__DATA LISTING__
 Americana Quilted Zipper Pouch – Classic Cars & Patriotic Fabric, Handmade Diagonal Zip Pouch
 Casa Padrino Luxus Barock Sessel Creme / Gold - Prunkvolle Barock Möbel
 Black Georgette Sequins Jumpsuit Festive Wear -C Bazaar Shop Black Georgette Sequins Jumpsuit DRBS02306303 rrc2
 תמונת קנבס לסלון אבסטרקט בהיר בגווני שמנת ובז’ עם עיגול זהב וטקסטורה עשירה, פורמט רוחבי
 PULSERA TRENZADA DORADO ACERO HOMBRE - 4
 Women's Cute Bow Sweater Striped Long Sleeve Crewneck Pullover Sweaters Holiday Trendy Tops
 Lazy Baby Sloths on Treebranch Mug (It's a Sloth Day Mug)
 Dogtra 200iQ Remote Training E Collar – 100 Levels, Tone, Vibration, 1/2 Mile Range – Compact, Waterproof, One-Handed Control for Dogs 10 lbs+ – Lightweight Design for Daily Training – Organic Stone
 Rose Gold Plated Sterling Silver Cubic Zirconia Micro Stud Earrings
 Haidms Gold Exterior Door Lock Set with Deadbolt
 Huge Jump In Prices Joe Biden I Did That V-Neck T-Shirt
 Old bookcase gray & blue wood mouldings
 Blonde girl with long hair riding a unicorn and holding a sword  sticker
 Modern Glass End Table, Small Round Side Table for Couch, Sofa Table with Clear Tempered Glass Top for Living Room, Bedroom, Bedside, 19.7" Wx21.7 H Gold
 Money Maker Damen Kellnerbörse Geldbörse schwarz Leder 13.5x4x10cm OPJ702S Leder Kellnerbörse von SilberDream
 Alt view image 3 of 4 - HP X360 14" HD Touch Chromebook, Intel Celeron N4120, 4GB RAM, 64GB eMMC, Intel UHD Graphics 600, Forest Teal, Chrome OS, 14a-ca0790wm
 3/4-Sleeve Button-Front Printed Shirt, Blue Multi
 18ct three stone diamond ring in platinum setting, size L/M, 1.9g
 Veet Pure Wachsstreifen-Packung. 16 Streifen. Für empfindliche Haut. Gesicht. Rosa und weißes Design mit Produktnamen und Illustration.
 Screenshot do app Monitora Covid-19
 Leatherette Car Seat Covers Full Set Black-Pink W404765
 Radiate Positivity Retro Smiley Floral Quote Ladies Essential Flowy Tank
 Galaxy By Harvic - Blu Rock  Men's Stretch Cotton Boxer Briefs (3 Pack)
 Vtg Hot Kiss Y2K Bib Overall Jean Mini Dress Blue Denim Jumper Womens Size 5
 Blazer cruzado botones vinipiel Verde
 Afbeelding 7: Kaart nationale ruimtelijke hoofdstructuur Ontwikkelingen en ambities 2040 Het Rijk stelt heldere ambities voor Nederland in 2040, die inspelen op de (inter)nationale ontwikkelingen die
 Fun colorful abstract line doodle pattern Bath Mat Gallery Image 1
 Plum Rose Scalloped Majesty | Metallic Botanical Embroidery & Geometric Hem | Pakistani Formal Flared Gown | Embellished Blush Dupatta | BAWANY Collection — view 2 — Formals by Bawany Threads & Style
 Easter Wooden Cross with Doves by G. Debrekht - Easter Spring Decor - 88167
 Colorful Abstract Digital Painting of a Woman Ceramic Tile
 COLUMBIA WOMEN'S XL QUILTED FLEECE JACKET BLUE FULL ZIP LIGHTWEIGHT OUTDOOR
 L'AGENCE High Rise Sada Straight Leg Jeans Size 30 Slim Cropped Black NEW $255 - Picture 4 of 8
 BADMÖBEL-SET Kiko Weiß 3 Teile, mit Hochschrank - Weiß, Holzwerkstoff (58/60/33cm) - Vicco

__INSTRUCTIONS TO FOLLOW__
For the string "Design", filter the data and copy out each line where it occurs.

__RESULT BELOW__
 Dogtra 200iQ Remote Training E Collar – 100 Levels, Tone, Vibration, 1/2 Mile Range – Compact, Waterproof, One-Handed Control for Dogs 10 lbs+ – Lightweight Design for Daily Training – Organic Stone
 Veet Pure Wachsstreifen-Packung. 16 Streifen. Für empfindliche Haut. Gesicht. Rosa und weißes Design mit Produktnamen und Illustration.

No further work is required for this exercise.